I’ve got three bulls in with eight other
cows that need to be split off, and
the neighbor’s expecting to bring his
animals over at the beginning of November.
And I just It’s not working.
So, I mean, cut to the end of the story.
It didn’t happen.
I haven’t been able to do it.
I knew yesterday was kind of a do or
die, do or die—nobody’s dying here!
Anyway, I talked to my neighbor
on the phone this morning.
He’s not worried about it.
He’s not in a pinch.
But it’s an issue.
Like they need grass to eat.
So anyway, it does need to happen.
And so I guess I knew there was a
part of me that felt very anxious
about what I was gonna try and do.
It’s a little scary too, ‘cause
they’re big animals and I’m by myself.
Mm-hmm.
Farming’s about the most
unsafe job in America, I think.
I think it ranks number one for accidents.
So I didn’t have a part to talk to.
I just knew I felt anxious.
Hmm.
Love said,
“It’s okay to feel awful.
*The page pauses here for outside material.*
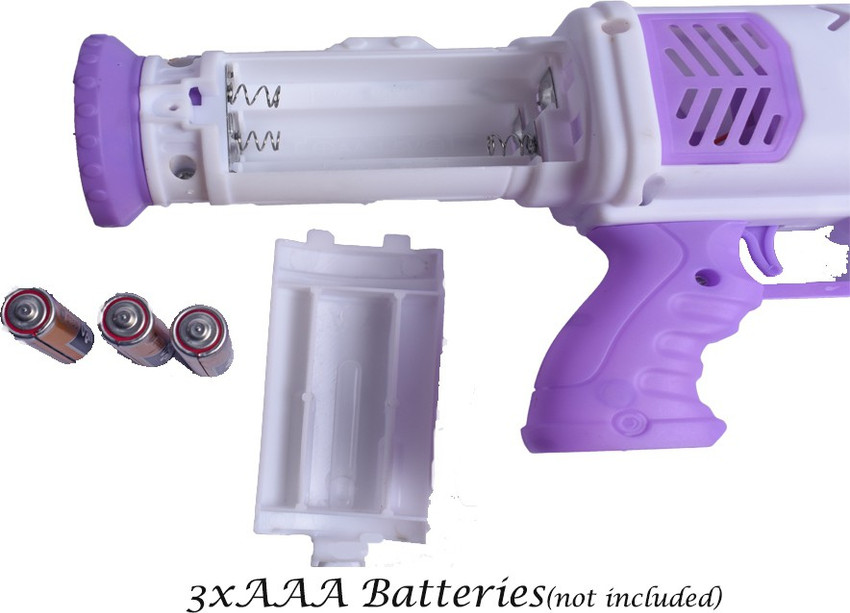 Water shooting bubble outlet gun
Your
anxiety is real, but you aren’t,
of course, anxiety itself.
You’re not.
If you’re the only one,
it’s not actually about you.
It’s about everyone who’s
left you to fend for yourself.
I’m here now, for now
anyway, but now is still now.
And I feel it too.
You can tell me all about it if you want,
but before you do, know I already feel
everything you’re about to tell me about.
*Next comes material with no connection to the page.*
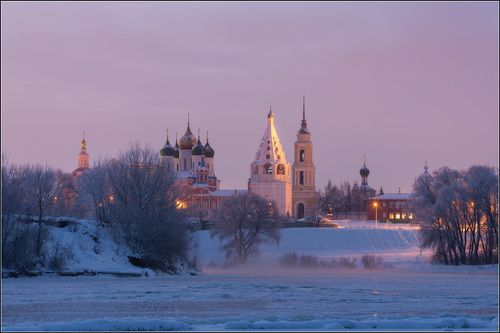 Когда замёрзла река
And that’s something we can
focus on too, if you want.
We can focus on the us-feeling and let
the you-telling come later if you want.
And I felt like I heard a response
that said, “Today’s gonna be a chore.
Don’t make me pretend it’ll be fun.”
Mmmm.
I said, okay.
Hmm.
Thank you for sharing it.
What else do you wanna share about it?
It’s an openness and a strength to be
able to say encouraging words to yourself.
That doesn’t have to be a
sign of insecurity issues.
I mean, there can be insecurity
issues, but that’s, not the
only thing that that points to.
It points to a compassionate Self
that’s aware of parts that are hurting.
That’s also what it points to.
So I don’t know who I was
talking to and I’m not sure
who was talking at that point.
So there’s a bit of a, there’s a bit of
a part mess going on in there perhaps,
or
maybe, I don’t know if that,
How dare you be human, Andrew!
is that the definition of humanity:?
Part mess?
Pretty sure it’s one of ‘em.
Okay.
Yeah.
So how was it for you doing this exercise?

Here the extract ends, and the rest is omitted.